When we last left Frank Castle/The Punisher (Jon Bernthal) in the first season, he had gotten vengeance on those who had killed his family and had gotten a sort of free pass from the authorities on everything he’d done since he’d taken out some very bad people. The second season starts a year or two later with Frank traveling the country and ending up in Michigan where he finds a connection with Beth Quinn (Alexa Davalos) a bartender. But because The Punisher is, well, The Punisher things go bad one night and Frank winds up taking on a half-dozen or so trained killers out to kidnap a girl named Amy Bendix (Giorgia Whigham). Beth takes a bullet in the melee and Frank and Amy go on the run since Frank isn’t about to leave her vulnerable and alone and that’s pretty much the first episode.
There’s been quite a few attempts at “cracking” the character of the Punisher outside of the comics the last few decades, none of which we even able to get at the core of the character nor were too successful. It’s ironic, then, that the one place that was finally able to deliver a Punisher I’d recognize from the comics was Netflix rather than the big screen. Always before Netflix he was too broadly drawn or the story was too far removed from what made him work in the comics, but other than updating a few things here and there the Punisher on Netflix is pretty much the Punisher from the comics.
With one exception.
Usually, the comic version of the Punisher is like the Energize Bunny, he keeps going and going. He never quits and there’s always one more bad guy out there he needs to confront in the next issue. What was so interesting with the Netflix Punisher was that at the end of the first season his job is complete, the people who killed his family are dead so his job was finished. This Punisher had a focused set of goals, and when they were done his job was done.

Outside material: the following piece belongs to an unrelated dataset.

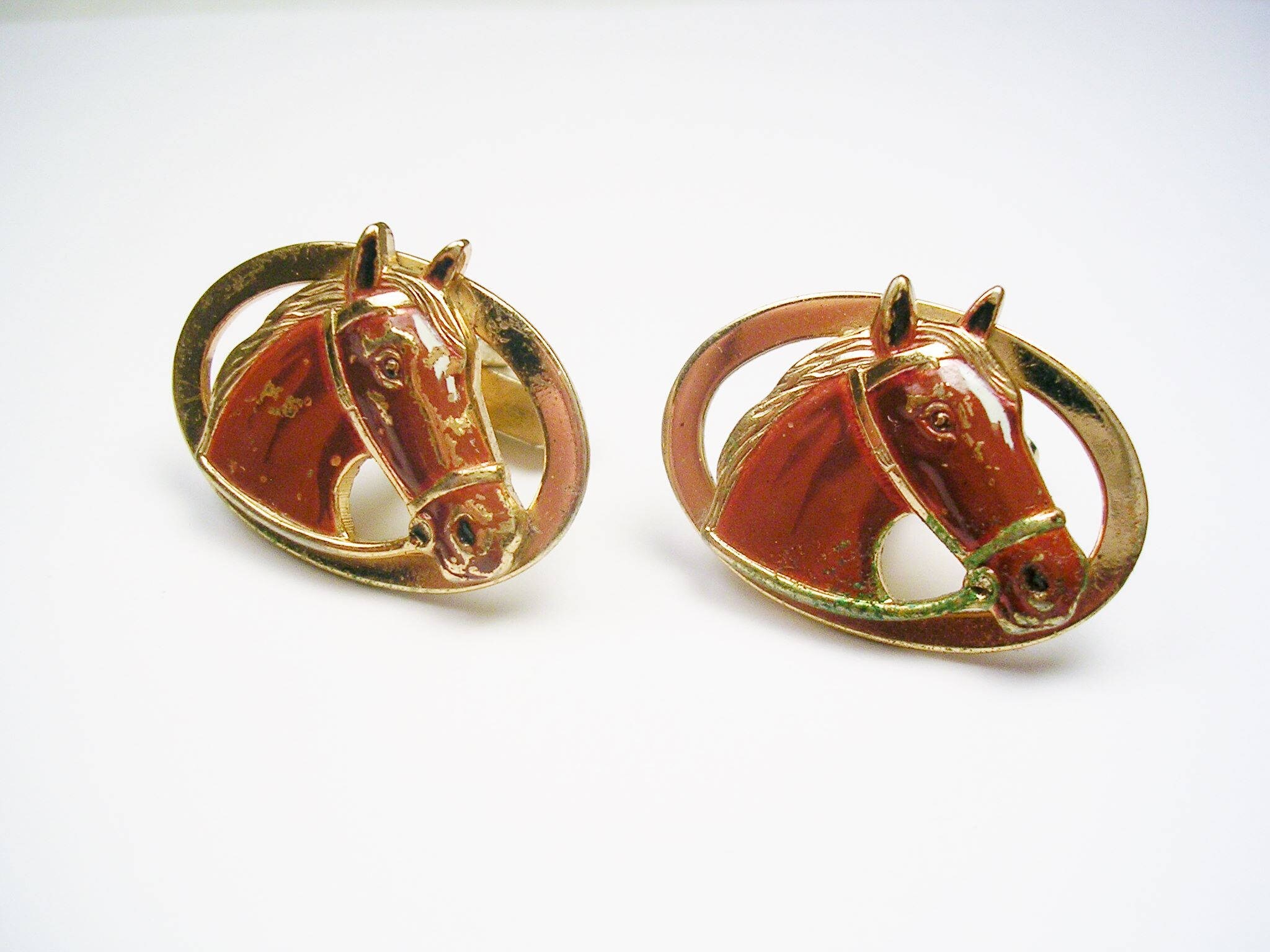 Vintage Equestrian Cufflinks Horse Head Cuff Links Formal Wear Etsy UK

So what was next? Well, ex-Marine/ex-Punisher Frank like a lot of vets wasn’t sure. After all he’s been through what’s he supposed to do? Get a job at the grocery? Go work at a factory? Instead, Frank chose to travel the US, but rather than on the back of a Harley like so many people do he chose to see the country via a van. While you can stay ahead of your problems for a while when you roam like that, your problems are always there as Frank discovers.

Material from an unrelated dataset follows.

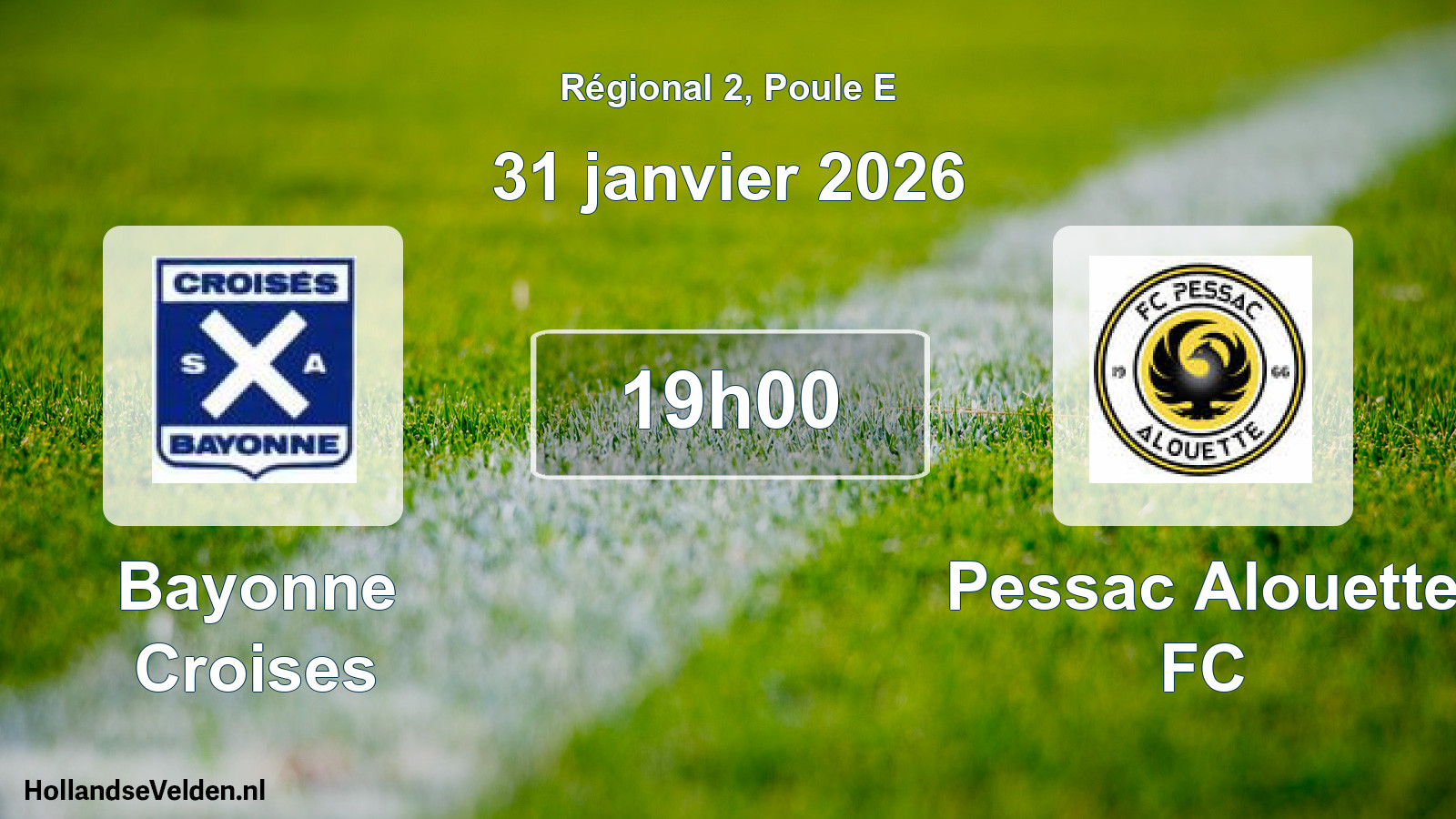 Match programmé: Bayonne Croises - Pessac Alouette FC (31 janvier 2026)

Here, it’s not so much there are still people out to get him since most of them are either dead or under the impression that he’s dead, Frank’s problem is that he can’t keep out of a fight no matter what the consequences. And the consequence here are that Frank loses the one chance he has at happiness since the death of his family to be with Beth.

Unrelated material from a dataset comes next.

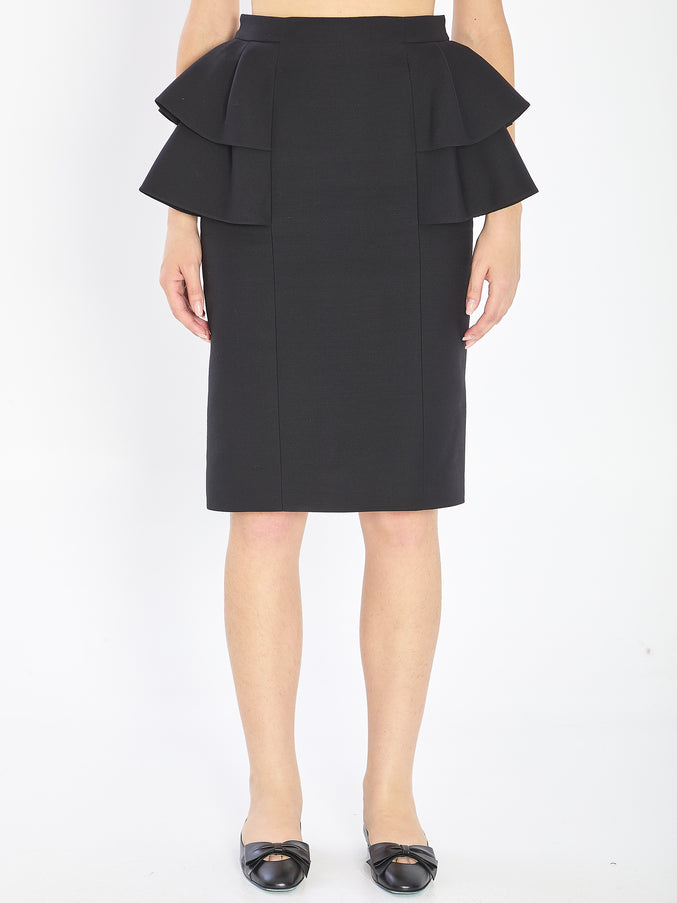 Valentino Garavani Midi Skirt In Couture Crepe Black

Which is what I’d kind’a expect in a series called The Punisher. We don’t tune in to see Frank Castle happy and content. We tune in to see him brooding, and going after the bad people.
Side note — I was very happy to see Bernthal reunited with Davalos here. They played star-crossed lovers too in the mostly unseen TNT Mob City series of a few years back. That show by Frank Darabont had Bernthal as 1950s LA police detective Joe Teague with Davalos playing Teague’s vampy girlfriend Jasmine Fontaine.